Motorcycle In Snow

By Bruce Mike

So it’s February 19th and it’s going to be 60 degrees. I rode to work the other day and will be going for a ride this afternoon and probably this evening. Our winters seem to keep getting milder. If I don’t think about the global implications, this climate change gives me a lot more comfortable riding experiences. For quite a few years now I’ve had a goal to ride at least once a month over the winter and this year it hasn’t even been a challenge. The Ural also makes it easier to ride whenever I want. It’s been a fun bike.

For as long as I can remember, I’ve started each late winter, early spring, with some kind of motorcycle related goal. Whether it be a place I want to go, a bike I want to buy or build or just finishing an existing project that’s sitting in the garage. This helps fend off those late winter blues. This year the goal was to road race up at Brainerd. I met a guy over the holidays that was a new rider instructor and he got me all revved up to give it a try. I had a bike and a plan and was excited to get started. Then a couple of weeks ago I woke up and couldn’t make a fist with my right hand.

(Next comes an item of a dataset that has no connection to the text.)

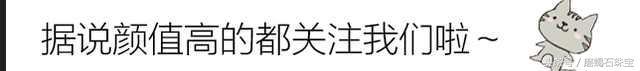 翡翠飘绿手镯白底飘阳绿翡翠手镯多少钱-第5张图片-翡翠网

This is not a brand new ailment. I spent a lot of frustrating time seeing doctors last year. They went from having no idea what was wrong with me, to needing immediate surgery, to lets wait and see. It seemed that none of them had any confidence in what they were telling me. Of course me being me, I basically told them to go screw themselves and I walked away.

Based on the three MRIs I had, it appears there is damage to a few discs in my neck. One thing all the doctors did agree on was that it was caused by some kind of trauma. When the trauma occurred is something they couldn’t tell me. In my teens and twenties I was in a lot of car accidents and I’ve had a few bike crashes over the years but nothing that ever put me in the hospital.

I started a new round of doctor visits last week. Same health care provider, different doctors. The first guy I saw was great. He told me more in an hour than any of them did all of last year. At least it seemed that way. He also told me that motorcycle racing right now is a really bad idea. He said even a minor crash could be disastrous. I decided to be a grown-up and heed his advice. I haven’t given up on it. I’m going to be optimistic and hopefully do it next year. This year I’ll just work on becoming a bigger and better race fan.

What these experiences have reminded me of is that life is short. This is not a new concept for me. Often times I am my worst enemy in approaching life with a sense of urgency. My stubbornness prevents me from getting things done all the time. When I keep my approach to life simple. Do what’s right in front of me. Ride whenever I can. Enjoy every minute of every enjoyable moment. Do the work that needs to be done. When I live like this, I have no regrets.